How long do you expect the series to run? How far out have you planned?

MP: We’ve outlined, we have ideas for 15-20 issues at this point, but I mean a lot of these stories grow in the telling. And I’m totally fine with this thing going on for 30 or 40 issues. We have an endgame in mind, I’m the kind of person who need there to be an end. I do kinda know where it’s gonna end up, but who knows how many things will come in between now and then to stretch that out. It’s a fun world. Everybody’s a bad guy, and the bad guy’s usually the most interesting. So when every single person is interesting, it can go on as long as the story’s riveting. We’re kind of slow going because this isn’t Julian’s main gig. He has his own series that he’s been working on for a long time, so he and I only really work together a fraction of his writing time. I mean as long as we’re able to fund it, I mean we’ll go as many issues as we can as long as we can keep it riveting to the reader and ourselves.

You’ve got quite a bit of genres working in these two issues.  Just in the first issue alone you’ve got the horror, you’ve got the crime, you’ve got plenty of dark humor. Do you have a favorite of those genres to write? And how do you balance those darker and somewhat lighter elements?

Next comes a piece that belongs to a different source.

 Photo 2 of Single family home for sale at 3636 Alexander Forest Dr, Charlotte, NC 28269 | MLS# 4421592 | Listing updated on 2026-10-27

MP: That’s definitely a tough decision to make. I love dark humor, that’s just my personality. And a lot of that actually comes out between Julian and myself, and the penciler/inker Steven Legge. He draws some things that are not in the script, and they just make us roll on the floor laughing. A lot of it is like the background demons and stuff, just that we’ve never come up with, he just must be bored one day and just doodle and add these weird demons and creatures in the background. And ’cause it’s in Hell, I mean, you just gotta kinda let it slide and go, yup I guess that thing could exist in Hell. That demon could exist in Hell, why not? Between the three of us, yeah that’s just fun kind of like creating for each other and cracking each other up. And obviously because it’s in Hell most of it’s dark humor.

Crime is always a fun thing to write. The second issue is definitely kind of an homage to the Zed in scene in Pulp Fiction, where everything just goes wrong with Bruce Willis’s attempt to escape the town. And he runs over Marsellus Wallace, I think that’s his name. And then they’re brawl comes into the wrong store. This brawl rolls into the wrong store, and they get taken hostage, everything just goes sideways from the moment Bruce Willis sees Marsellus Wallace. So the second half of issue two kinda has that feel, that everything just goes sideways in a store. Everything that could go wrong does go wrong. And I love the idea of mixing crime with mess ups that that moment in Pulp Fiction has. So maybe that’s a dark humor crossover with crime anyway. So there’s always this, I don’t know if it’s an intention or just this subconscious thing where you want there to be like cool interesting crime things happening, but it’s always fun to subvert them as well. And I guess I can thank Quentin Tarantino for that.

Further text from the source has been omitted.